Chancellor Angela Merkel’s Cabinet backed a tax on nuclear power-plant operators, shunning utilities and German industry as the government holds to budget cuts it says are needed to protect the euro.
Ministers meeting in Berlin today approved the nuclear levy alongside a four-year program of spending cuts and revenue- raising measures worth about 80 billion euros ($102 billion), Finance Minister Wolfgang Schaeuble said. The draft legislation will now go to parliament for consideration.
Merkel is sticking to the savings plan even after the economy, Europe’s biggest, expanded at the fastest pace in 20 years in the second quarter. The cuts are necessary to comply with European Union budget-deficit rules that backstop the euro and ensure “solid” economic growth, Schaeuble told reporters.
“We’re fulfilling our responsibility as part of the European Union and the globalized world economy,” Schaeuble said. Germany, in urging other euro-region countries to do likewise, is “not being arrogant,” he said. “If you’re on the right path, then you can’t let up. You have to persevere.”
The savings program, elements of which were outlined in June, includes an air passenger tax of as much as 45 euros with immediate effect; welfare and defense cuts; a financial- transaction tax on banks of 2 billion euros per year from 2012; and a delay in the rebuilding of Berlin’s royal palace.
Merkel rebuffed pleas to drop the nuclear levy made in an open letter last month signed by the chief executive officers of E.ON AG and RWE AG, Germany’s biggest utilities, plus Deutsche Bank AG’s Josef Ackermann and BASF SE’s Juergen Hambrecht. In it, they said a policy of “helping the budget with new energy taxes blocks necessary investment in the future.”

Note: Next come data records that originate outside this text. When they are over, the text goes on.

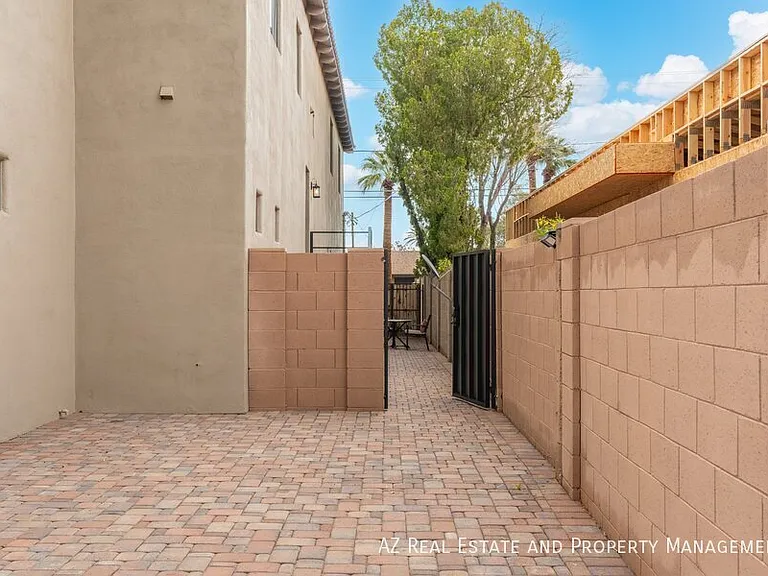 3112 N Valencia Ln — Photo 37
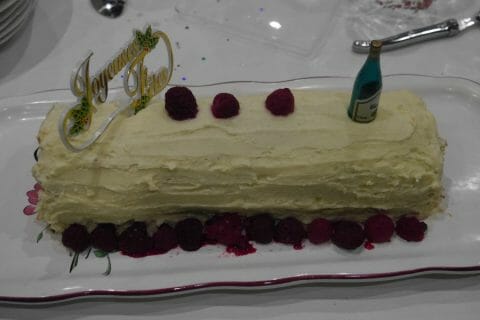 Cliquez pour zoomer ! Bûche de Noël framboises et chocolat blanc Thermomix par AstrideC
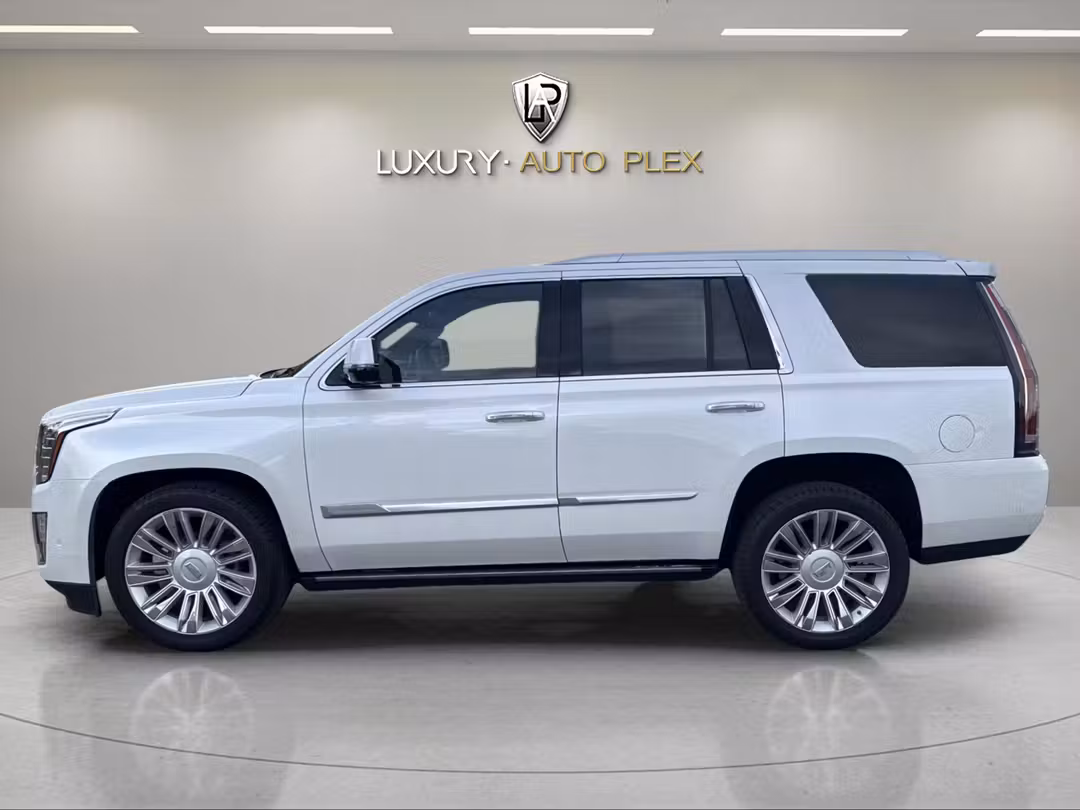 2018 Cadillac Escalade PLATINUM LOADED LEATHER HEATED & COOLED SEATS DVD PLAYER ONLY 78,000 MILES SHARP & CLEAN - Image 2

The coalition will implement the nuclear tax “as budget consolidation means accessing additional revenue sources,” a copy of the draft bill posted on the Finance Ministry website said. The utilities may seek to pass on some of the cost of the tax to companies and consumers, the draft said.
Dusseldorf-based E.ON fell 0.2 percent to 22.17 euros as of 12:32 p.m. local time in Frankfurt trading, while Germany’s benchmark DAX Index rose 1.1 percent. Shares in smaller competitor RWE of Essen were down 0.1 percent at 51.65 euros. Both companies have fallen about 25 percent this year, making them two of the worst-performing DAX members. Of the 30 DAX companies, only HeidelbergCement AG has performed worse.
Announcement of the levy hit the utilities “like a cold shower,” Theo Kitz, an analyst with Merck Finck in Munich, who has “sell” recommendations on E.ON and RWE, said yesterday in an interview.
“They reacted pretty aggressively, with media campaigns and the lobbying that is usual in this industry,” he said. Even so, “it’s pretty clear the tax is coming. It’ll be a weight on them, especially on their cashflow. The utilities will probably invest less in coal- and gas-fired power plants as it looks like the government will commit them to funding renewable energy projects.”
Merkel’s government, near historic lows in opinion polls, faces public opposition to plans to extend the running life of nuclear-power plants as part of an energy policy to be announced by the end of September. Merkel said Aug. 30 that an extension of 10-15 years was “sensible.”
“The nuclear tax is pretty frustrating for the utilities, but the nuclear issue as a whole is by no means a done deal,” said Steffen Manske, an analyst at National Bank AG in Essen, who recommends investors “buy” shares in E.ON and RWE. “E.ON and RWE have already grown outside of Germany, where this tax won’t have any influence. It’s a very international business.”
The government aims for the tax on air travel to yield 1 billion euros per year, the draft bill shows. Flights will be subject to a levy of 8 euros per passenger for destinations in Europe; 25 euros to countries including Egypt and Israel; and 45 euros for all other destinations.